Input records →
- Opening Delimiter -

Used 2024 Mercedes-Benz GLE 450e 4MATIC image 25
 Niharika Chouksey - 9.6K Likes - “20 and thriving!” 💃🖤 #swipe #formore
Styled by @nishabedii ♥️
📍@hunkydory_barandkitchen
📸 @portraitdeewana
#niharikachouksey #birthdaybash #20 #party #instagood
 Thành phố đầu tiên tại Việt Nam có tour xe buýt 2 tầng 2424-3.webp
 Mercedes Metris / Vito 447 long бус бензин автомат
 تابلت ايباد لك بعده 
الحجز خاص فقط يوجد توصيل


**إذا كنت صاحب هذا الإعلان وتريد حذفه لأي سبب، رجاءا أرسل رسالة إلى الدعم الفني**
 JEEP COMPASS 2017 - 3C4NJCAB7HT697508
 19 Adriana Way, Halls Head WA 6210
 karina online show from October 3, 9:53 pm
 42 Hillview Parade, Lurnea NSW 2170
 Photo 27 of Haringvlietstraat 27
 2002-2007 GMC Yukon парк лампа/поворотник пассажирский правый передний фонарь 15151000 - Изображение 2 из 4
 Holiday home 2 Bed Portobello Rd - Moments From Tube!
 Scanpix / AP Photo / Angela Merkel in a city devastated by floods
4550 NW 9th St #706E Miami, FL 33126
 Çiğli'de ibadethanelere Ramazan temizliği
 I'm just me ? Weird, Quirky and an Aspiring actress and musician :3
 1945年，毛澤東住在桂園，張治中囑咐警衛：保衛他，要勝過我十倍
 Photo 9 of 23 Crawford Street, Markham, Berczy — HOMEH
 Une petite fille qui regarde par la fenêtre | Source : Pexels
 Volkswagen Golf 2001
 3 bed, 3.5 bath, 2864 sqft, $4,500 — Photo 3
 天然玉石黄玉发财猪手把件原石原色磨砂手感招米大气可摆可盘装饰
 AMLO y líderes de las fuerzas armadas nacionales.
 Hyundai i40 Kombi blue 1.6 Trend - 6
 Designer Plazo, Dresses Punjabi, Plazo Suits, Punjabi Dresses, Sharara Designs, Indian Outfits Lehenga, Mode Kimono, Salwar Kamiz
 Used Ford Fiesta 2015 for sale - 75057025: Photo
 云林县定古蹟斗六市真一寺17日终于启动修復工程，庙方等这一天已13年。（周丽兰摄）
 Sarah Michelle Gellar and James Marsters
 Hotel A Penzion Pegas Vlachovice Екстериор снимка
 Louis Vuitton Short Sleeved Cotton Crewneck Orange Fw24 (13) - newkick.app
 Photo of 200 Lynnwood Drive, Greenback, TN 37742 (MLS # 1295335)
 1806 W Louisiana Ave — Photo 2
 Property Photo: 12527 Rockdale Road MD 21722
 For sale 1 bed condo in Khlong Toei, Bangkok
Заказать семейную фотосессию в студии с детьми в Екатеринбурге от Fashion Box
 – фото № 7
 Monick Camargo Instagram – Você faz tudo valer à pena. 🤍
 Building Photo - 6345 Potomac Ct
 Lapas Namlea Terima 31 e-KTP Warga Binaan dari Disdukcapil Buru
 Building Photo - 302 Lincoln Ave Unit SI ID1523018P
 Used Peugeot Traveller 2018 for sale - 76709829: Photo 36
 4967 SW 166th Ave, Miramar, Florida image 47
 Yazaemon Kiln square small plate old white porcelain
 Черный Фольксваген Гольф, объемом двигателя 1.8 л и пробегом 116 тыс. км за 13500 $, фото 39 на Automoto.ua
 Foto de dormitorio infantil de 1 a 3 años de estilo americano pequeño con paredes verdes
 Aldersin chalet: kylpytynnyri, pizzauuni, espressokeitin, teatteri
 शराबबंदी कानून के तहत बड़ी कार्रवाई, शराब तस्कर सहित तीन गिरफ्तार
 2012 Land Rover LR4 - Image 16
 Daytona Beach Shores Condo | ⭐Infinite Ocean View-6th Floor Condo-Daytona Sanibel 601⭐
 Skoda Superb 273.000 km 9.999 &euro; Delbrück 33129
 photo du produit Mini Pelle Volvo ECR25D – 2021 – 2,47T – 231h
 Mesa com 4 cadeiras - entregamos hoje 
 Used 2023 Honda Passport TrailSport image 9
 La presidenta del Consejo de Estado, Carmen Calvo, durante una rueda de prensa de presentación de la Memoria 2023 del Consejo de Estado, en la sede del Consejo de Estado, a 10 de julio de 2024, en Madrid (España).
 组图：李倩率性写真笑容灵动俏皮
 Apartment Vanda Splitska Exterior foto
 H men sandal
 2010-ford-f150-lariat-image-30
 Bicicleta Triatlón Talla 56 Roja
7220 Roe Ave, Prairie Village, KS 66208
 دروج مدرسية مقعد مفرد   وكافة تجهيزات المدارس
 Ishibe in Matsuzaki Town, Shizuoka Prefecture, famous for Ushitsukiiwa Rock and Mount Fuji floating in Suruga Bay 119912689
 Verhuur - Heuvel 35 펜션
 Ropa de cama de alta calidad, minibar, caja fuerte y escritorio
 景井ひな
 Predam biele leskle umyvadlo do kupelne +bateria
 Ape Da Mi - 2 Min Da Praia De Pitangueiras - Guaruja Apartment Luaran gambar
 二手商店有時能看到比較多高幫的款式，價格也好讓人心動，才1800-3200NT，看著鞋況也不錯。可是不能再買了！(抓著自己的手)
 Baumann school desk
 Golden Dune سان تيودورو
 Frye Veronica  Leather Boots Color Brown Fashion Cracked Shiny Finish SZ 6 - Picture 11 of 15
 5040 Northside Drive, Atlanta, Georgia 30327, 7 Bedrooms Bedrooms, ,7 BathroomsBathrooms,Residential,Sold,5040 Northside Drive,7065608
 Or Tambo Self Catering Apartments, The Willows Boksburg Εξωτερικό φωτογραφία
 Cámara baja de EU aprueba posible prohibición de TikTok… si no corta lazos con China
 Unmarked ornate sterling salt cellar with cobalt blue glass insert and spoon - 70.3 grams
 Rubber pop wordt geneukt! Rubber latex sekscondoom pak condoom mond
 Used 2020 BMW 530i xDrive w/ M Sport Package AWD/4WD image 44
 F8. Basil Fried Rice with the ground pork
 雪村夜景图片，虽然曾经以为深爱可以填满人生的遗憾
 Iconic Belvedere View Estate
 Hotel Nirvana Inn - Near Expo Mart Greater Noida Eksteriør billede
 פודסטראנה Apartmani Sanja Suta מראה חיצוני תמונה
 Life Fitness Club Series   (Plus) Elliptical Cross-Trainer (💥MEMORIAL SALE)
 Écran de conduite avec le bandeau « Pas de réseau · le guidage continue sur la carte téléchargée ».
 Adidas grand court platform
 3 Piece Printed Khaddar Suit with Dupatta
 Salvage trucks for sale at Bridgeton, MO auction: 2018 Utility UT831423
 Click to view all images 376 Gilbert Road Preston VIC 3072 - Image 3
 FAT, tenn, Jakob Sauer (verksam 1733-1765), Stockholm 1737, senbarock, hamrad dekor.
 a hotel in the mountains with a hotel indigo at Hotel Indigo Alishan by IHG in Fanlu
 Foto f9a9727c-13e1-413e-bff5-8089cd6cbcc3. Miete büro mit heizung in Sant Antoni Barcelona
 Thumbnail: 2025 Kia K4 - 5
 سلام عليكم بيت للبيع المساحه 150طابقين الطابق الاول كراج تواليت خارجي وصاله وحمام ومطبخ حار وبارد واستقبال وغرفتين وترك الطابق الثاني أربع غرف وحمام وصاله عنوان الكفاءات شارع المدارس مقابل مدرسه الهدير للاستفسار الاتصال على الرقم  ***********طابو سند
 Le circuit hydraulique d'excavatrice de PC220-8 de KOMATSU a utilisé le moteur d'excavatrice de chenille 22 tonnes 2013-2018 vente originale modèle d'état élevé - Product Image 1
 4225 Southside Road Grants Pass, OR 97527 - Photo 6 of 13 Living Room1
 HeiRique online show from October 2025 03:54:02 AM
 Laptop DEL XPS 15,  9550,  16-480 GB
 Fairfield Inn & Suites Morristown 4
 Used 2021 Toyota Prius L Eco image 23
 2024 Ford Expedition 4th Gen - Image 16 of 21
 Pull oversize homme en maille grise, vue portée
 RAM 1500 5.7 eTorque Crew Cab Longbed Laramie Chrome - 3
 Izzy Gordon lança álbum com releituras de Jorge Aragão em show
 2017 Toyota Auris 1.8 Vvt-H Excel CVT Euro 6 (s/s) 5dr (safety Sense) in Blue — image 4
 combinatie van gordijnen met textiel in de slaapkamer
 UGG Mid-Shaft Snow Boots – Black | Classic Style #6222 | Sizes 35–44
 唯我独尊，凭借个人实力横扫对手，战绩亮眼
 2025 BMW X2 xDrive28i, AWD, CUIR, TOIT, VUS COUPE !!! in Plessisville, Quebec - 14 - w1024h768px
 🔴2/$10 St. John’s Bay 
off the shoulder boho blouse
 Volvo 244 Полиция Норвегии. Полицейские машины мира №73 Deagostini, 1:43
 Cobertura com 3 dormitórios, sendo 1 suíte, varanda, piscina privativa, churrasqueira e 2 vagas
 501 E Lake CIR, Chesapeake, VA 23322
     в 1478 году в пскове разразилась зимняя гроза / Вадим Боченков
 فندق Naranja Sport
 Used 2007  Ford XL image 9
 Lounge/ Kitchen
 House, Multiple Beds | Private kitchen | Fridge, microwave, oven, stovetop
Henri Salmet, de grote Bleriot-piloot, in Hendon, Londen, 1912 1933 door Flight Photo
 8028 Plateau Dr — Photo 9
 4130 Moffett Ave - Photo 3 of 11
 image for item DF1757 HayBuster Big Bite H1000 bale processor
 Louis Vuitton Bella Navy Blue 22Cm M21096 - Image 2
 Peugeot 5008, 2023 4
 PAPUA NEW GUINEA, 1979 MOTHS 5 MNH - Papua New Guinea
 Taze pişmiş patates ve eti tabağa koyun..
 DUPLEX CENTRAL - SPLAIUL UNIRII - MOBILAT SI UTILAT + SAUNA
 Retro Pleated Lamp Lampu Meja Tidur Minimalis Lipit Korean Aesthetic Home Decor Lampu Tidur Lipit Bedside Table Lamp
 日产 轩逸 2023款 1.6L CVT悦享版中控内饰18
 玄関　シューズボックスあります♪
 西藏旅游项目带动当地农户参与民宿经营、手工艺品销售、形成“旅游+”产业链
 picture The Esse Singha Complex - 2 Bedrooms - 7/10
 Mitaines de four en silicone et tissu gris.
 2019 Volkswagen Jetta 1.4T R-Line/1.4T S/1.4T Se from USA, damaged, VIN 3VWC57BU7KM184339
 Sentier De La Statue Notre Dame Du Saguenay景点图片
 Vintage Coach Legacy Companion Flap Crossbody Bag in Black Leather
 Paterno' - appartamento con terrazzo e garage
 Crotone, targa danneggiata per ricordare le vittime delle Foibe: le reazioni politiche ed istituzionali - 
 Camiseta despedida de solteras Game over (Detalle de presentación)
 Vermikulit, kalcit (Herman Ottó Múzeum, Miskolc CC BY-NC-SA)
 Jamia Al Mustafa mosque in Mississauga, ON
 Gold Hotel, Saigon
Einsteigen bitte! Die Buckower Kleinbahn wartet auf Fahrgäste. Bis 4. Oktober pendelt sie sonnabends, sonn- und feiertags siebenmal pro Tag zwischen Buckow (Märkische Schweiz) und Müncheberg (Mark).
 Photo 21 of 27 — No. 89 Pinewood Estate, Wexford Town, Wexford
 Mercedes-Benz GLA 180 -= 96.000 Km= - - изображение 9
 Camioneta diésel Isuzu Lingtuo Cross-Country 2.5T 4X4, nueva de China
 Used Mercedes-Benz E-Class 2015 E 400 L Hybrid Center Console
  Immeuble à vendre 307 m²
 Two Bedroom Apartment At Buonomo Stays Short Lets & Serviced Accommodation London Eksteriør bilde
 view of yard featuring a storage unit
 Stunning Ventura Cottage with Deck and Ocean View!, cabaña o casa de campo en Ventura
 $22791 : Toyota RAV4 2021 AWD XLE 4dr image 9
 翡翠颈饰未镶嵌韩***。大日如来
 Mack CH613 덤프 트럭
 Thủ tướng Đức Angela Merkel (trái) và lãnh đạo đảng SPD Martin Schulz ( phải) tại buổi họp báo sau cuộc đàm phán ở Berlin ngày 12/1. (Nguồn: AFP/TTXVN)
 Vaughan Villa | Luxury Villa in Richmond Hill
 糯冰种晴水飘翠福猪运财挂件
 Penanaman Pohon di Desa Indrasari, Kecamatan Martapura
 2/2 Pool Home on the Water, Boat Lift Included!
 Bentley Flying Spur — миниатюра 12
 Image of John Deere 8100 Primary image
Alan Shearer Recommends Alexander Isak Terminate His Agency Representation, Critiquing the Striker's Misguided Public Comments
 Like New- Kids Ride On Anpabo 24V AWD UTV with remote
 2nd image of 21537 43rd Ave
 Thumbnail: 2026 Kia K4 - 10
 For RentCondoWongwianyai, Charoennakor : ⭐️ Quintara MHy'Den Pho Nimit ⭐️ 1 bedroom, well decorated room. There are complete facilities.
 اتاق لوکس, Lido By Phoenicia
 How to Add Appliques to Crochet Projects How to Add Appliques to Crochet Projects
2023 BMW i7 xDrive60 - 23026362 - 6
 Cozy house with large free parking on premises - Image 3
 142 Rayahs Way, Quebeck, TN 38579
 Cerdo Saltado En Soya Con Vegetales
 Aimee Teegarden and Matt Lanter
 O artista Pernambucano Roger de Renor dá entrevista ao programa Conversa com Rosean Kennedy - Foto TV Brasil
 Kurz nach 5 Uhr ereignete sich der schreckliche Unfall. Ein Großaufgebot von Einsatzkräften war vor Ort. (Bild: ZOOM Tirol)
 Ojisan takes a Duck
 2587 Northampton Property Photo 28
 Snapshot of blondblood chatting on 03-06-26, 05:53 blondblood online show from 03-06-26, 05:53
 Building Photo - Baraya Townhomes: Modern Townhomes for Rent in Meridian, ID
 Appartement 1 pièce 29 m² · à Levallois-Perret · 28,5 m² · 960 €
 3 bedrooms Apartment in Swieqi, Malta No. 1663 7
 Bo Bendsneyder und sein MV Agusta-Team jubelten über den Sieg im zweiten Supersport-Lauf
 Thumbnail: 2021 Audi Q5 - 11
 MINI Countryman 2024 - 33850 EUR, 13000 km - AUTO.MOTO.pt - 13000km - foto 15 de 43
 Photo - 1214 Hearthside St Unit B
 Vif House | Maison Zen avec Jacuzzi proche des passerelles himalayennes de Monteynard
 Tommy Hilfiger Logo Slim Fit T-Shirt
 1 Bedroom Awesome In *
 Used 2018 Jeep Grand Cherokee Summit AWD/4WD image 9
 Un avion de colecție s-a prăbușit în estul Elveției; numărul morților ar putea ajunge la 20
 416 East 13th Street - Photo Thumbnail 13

- Closing Delimiter -

Action item →
Keep to the lines above, from the first one through the line where "1945年，毛澤東住在桂園，張治中囑咐警衛：保衛他，要勝過我十倍" appears, and copy them exactly.

Result of this exercise →
Used 2024 Mercedes-Benz GLE 450e 4MATIC image 25
 Niharika Chouksey - 9.6K Likes - “20 and thriving!” 💃🖤 #swipe #formore
Styled by @nishabedii ♥️
📍@hunkydory_barandkitchen
📸 @portraitdeewana
#niharikachouksey #birthdaybash #20 #party #instagood
 Thành phố đầu tiên tại Việt Nam có tour xe buýt 2 tầng 2424-3.webp
 Mercedes Metris / Vito 447 long бус бензин автомат
 تابلت ايباد لك بعده 
الحجز خاص فقط يوجد توصيل


**إذا كنت صاحب هذا الإعلان وتريد حذفه لأي سبب، رجاءا أرسل رسالة إلى الدعم الفني**
 JEEP COMPASS 2017 - 3C4NJCAB7HT697508
 19 Adriana Way, Halls Head WA 6210
 karina online show from October 3, 9:53 pm
 42 Hillview Parade, Lurnea NSW 2170
 Photo 27 of Haringvlietstraat 27
 2002-2007 GMC Yukon парк лампа/поворотник пассажирский правый передний фонарь 15151000 - Изображение 2 из 4
 Holiday home 2 Bed Portobello Rd - Moments From Tube!
 Scanpix / AP Photo / Angela Merkel in a city devastated by floods
4550 NW 9th St #706E Miami, FL 33126
 Çiğli'de ibadethanelere Ramazan temizliği
 I'm just me ? Weird, Quirky and an Aspiring actress and musician :3
 1945年，毛澤東住在桂園，張治中囑咐警衛：保衛他，要勝過我十倍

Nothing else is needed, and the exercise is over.